The basis for the act is to ensure that all workers have a right to work in places where risks to their health and safety are properly controlled.

Health and safety is about stopping you getting hurt at work or ill through work. Your employer is responsible for health and safety, but you must help.

The Act sets out the general duties which employers have towards employees and members of the public, and employees have to themselves and to each other.

These duties are qualified in the Act by the principle of ‘so far as is reasonably practicable’. In other words, an employer does not have to take measures to avoid or reduce the risk if they are technically impossible or if the time, trouble or cost of the measures would be grossly disproportionate to the risk.
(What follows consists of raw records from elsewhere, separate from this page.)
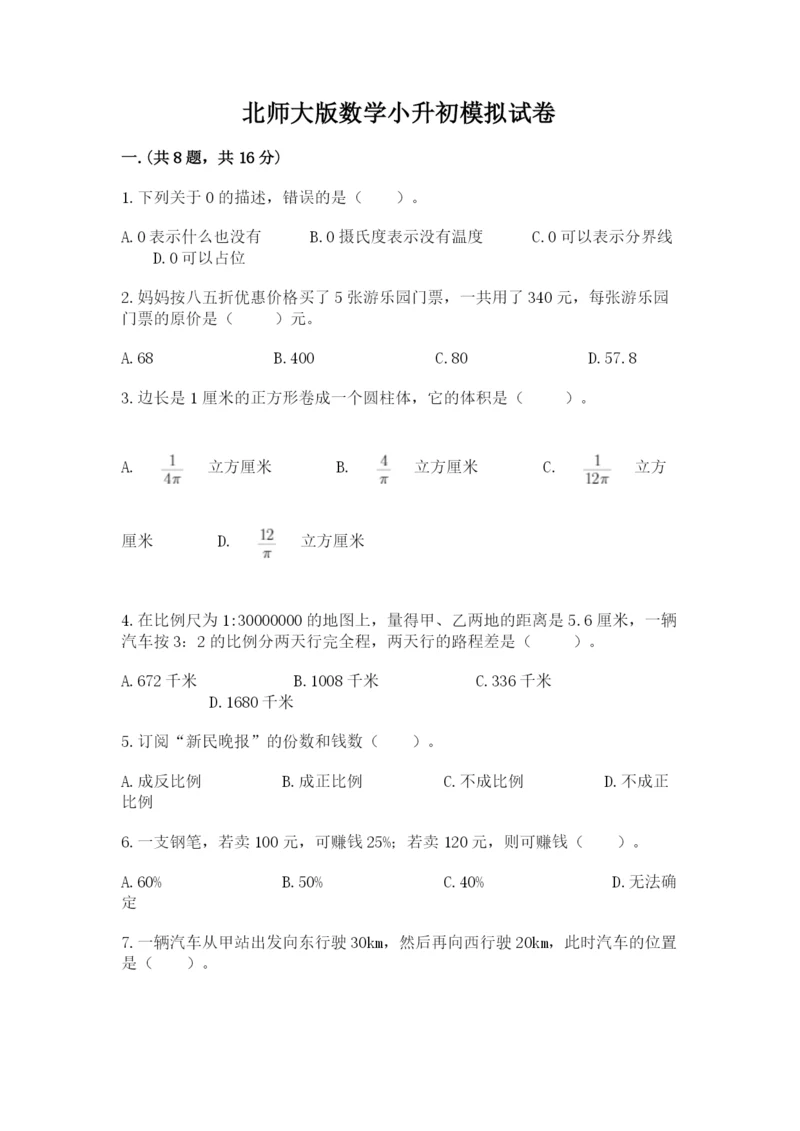 北师大版数学小升初模拟试卷含完整答案（各地真题）.docx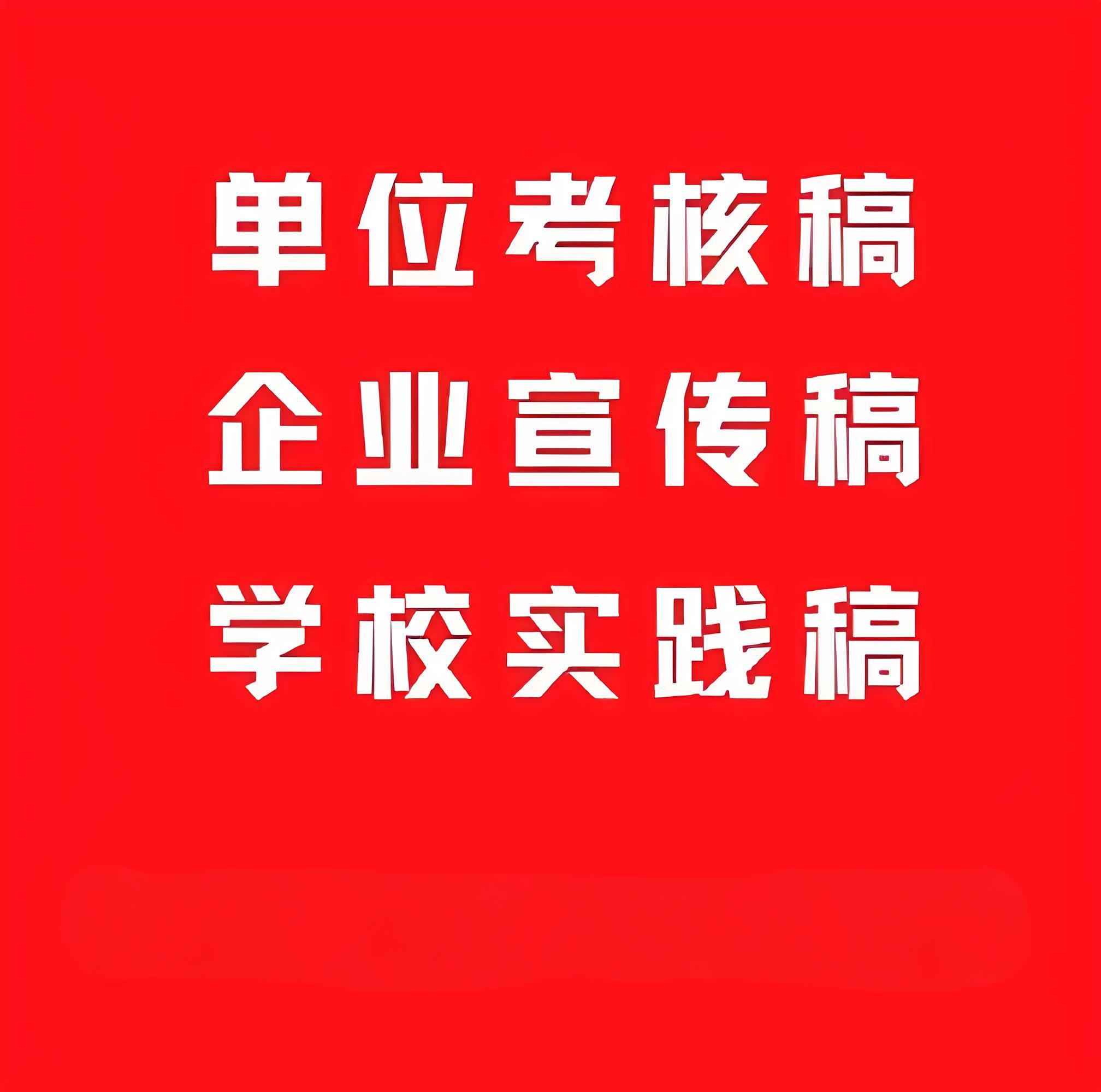 快消品品牌推廣如何做？這些策略助你快速提升銷量！(圖1)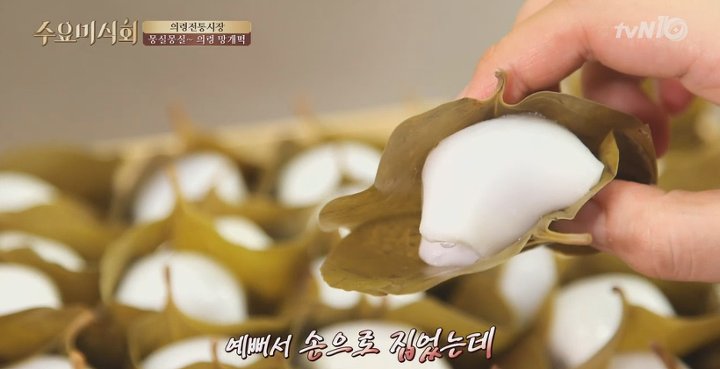 수요미식회 의령 망개떡.jpg | 인스티즈
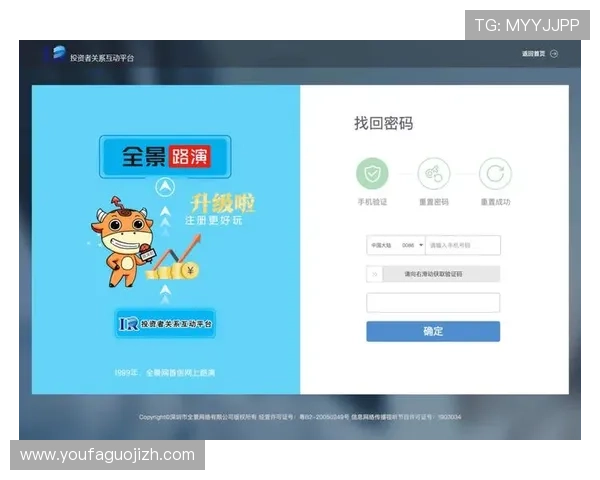 欧博会员登录入口手机版最新版本更新,带来更流畅的使用体验 欧博会员登录入口手机版最新版本更新,带来更流畅的使用体验
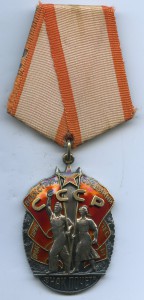 ЗП № 166744 (Рабочий без пояса.) В Люксе.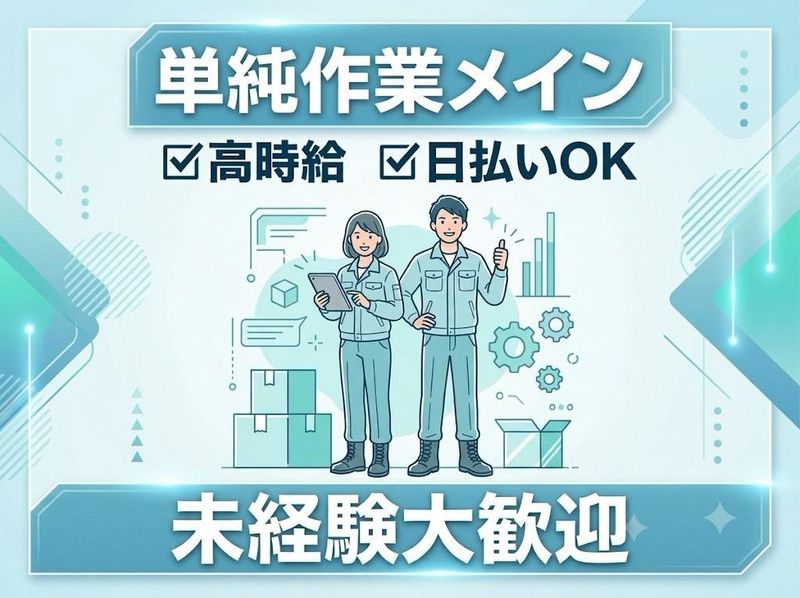 株式会社ホーカムのアルバイト・バイト求人情報-05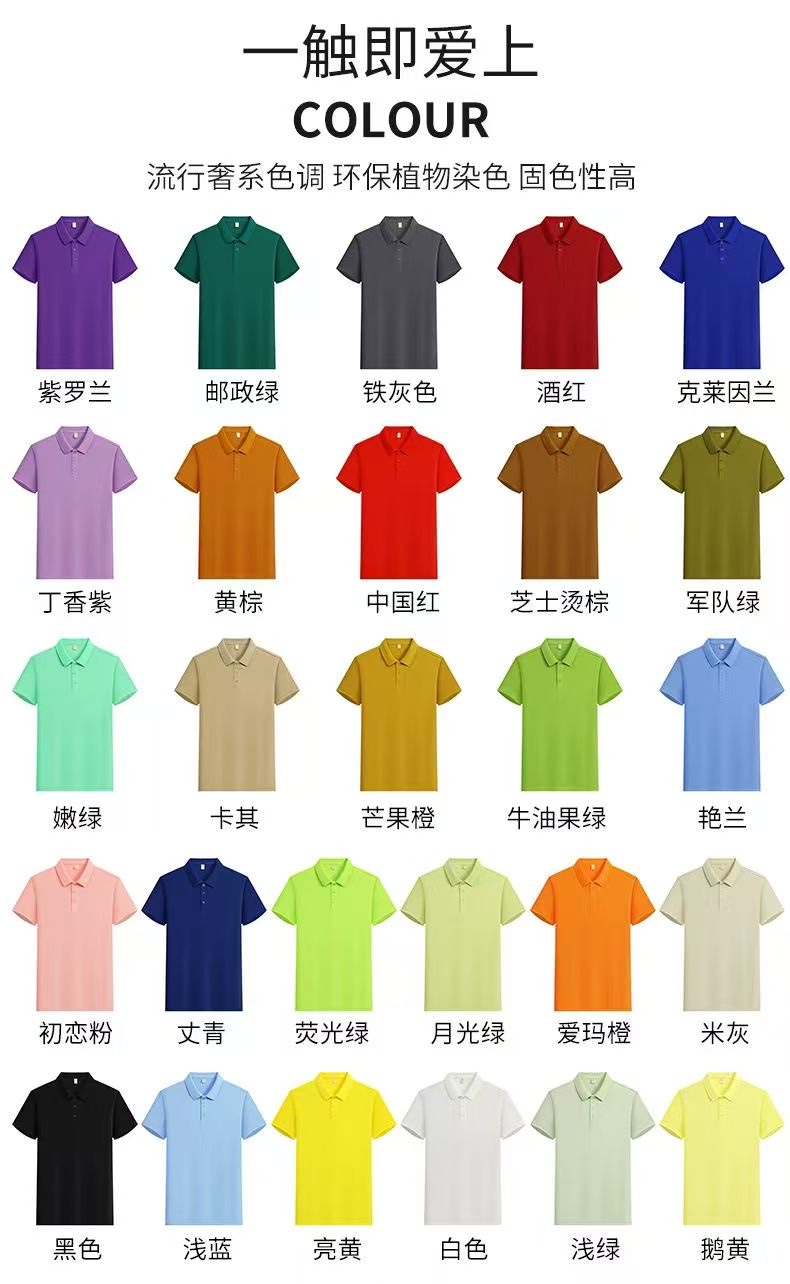 Quick-drying breathable short-sleeved top for both men and women, casual, breathable and comfortable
We will look at this term later in this course.

What the law requires here is what good management and common sense would lead employers to do anyway: that is, to look at what the risks are and take sensible measures to tackle them.

The Management of Health and Safety at Work Regulations 1999 generally make more explicit what employers are required to do to manage health and safety under the Health and Safety at Work Act. Like the Act, they apply to every work activity.

The main requirement on employers is to carry out a risk assessment. Employers with five or more employees need to record the significant findings of the risk assessment.